ADB Waters Down Plans to Amend Mistakes in Cambodia

Newly approved plans by the Asian Development Bank (ADB) to fix mistakes it made on a $143 million railway project appear to water down recommendations proposed by the Bank’s own review panel, and could impose the costs of the plan on the very families who lost land to the project.

The ADB’s independent compliance review panel added the recommendations to a report looking into a Bank project to rehabilitate Cambodia’s dilapidated railway system. The report said the Bank was to blame for failing to prevent thousands of families from ending up worse off after they were forced to give up all or part of their land.

The Bank’s board of directors approved the report—but only after watering down the recommendations—late last month, and released its decision on Friday.

Some recommendations were watered down even before reaching the board, according to an early draft document.

The draft calls on the ADB to give the families affected by the railroad project a total additional $3 million to $4 million in compensation because of the mistakes it made, and for the ADB to provide the money itself.

“Since the compensation deficits that have occurred have been found to result largely from ADB’s noncompliance with its own policies, ADB should secure funding for this scheme,” the draft reads.

The version of the report that reached—and was finally approved by—the board had that line removed. It still recommends another $3 million to $4 million for the families, but suggests the money come from a loan to the government.

The approved recommendations also call on the ADB to help the families with the new loans they were forced to take on because of the Bank’s mistakes. But rather than paying off those loans, the ADB would only offer to replace them with yet another loan at a lower interest rate.

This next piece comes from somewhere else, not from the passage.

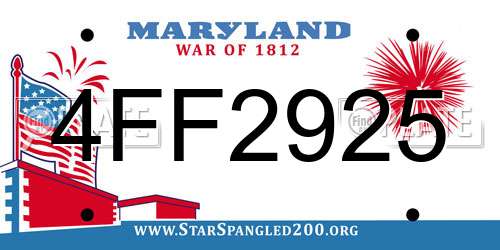4FF2925 Maryland License Plate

Those families will also have to use the extra compensation they get from the new loan the government is expected to take on to pay off their private loans.

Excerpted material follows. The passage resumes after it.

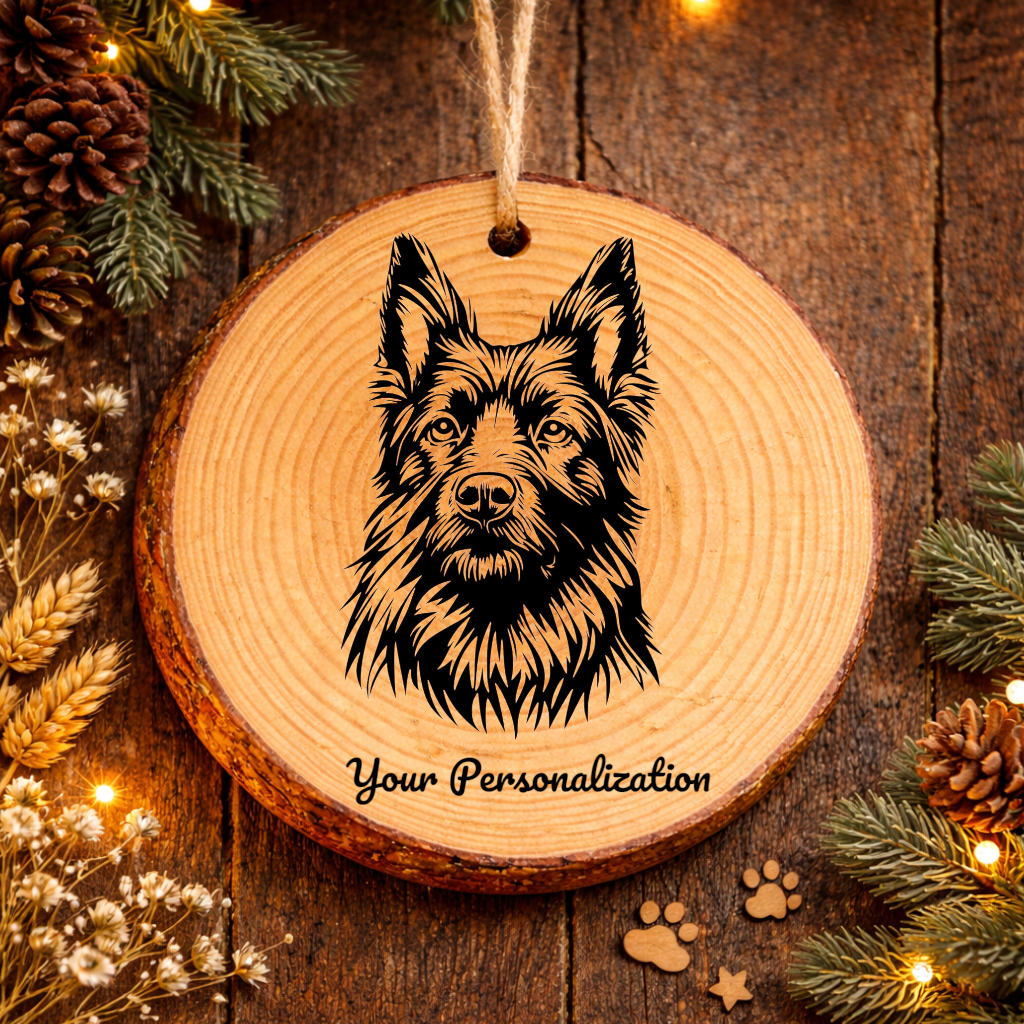 Belgian Laekenois Dog Ornament – Rustic Wooden Keepsake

David Pred of the NGO Inclusive Development International, which co-filed the complaint that triggered the report, called the use of new loans to fix its mistakes “obscene.”

“There is a massive disconnect between the ADB’s official acknowledgment that people have suffered serious harm as a result of ADB’s failure to follow its policies, after years of denial, and the board now demanding that the Cambodian government pay to bring the project into compliance,” he said.

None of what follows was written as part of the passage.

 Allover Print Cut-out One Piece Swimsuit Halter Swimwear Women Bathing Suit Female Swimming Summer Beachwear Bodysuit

“It is even more obscene that the poor families who are now drowning in debt because they weren’t properly compensated will not have their debts written off by the project but only given new loans with better terms. This really redefines the meaning of moral hazard,” he added.

As a piecemeal measure to help resettled families who have lost out on money-making opportunities because of their evictions, they are already being offered a program to earn additional income. They can take classes on motorcycle repair, for example, or pick up chickens to rear and sell.

The recommendations that reached the ADB board suggested putting more money into the program and guaranteeing it for another five years. The recommendations approved by the board say the program should continue, but leave out any mention of more money or a five-year guarantee.

Before approving the recommendations, the board also added a line insisting that any remedies for people hurt by the project will only be made “with the consent of [the Government of Cambodia].”

That means the government may be asked to agree to a loan to make up for mistakes the ADB made.

In 2011 the World Bank admitted that its own mistakes on a land titling project in Cambodia hurt thousands of families it was supposed to aid, but later said it could do little to help because the government would not cooperate. Instead of cooperating, the government watched the World Bank freeze all new lending to the country.

The government has not yet had to decide whether it is willing to help the ADB fix its mistakes. A more detailed action plan laying out precisely how the ADB and government will implement the recommendations it has approved is not due until the end of March.

Last week, however, the head of Cambodia’s railway department, Ly Borin, was dismissive of another loan to pay the families more compensation.

“Who would borrow that much money to pay out?” he said.

Karen Palmer, an ADB spokesperson, said the loan was only a suggestion.

“The [review panel] recommends that ADB require the Government of Cambodia to establish a remedial action program to compensate affected resettled households. It suggests that the source of funding for such a program should be an ADB loan or other source of funds, but it does not require an ADB loan,” she said.

The ADB did not reply to questions about why the recommendations in the report had been watered down.

Thach Ye, who lost his Phnom Penh home to the project and now lives with his family at one of the project’s resettlement sites, said more loans would do him little good.

He said the ducks and chickens he bought with a $450 loan from the ADB as part of the income restoration program all died after a spate of bad weather. He ended up taking out another $1,600 loan from a private bank to pay back the ADB and try his hand at pig farming instead.

“The chickens and the ducks all died, so I don’t know what to do,” he said. “It’s hard here. I cannot find work or anything to do to make money.”

Khuon Prum Sarith, who moved to the same site and still owes $2,600 on a $6,000 loan he had to take out to build a new home, said the ADB should pay off their debts, not just offer them better interest rates.

“Everything is the ADB’s fault,” he said. “They promised the people here that they would have good lives, but the people’s lives have only got worse after moving here.”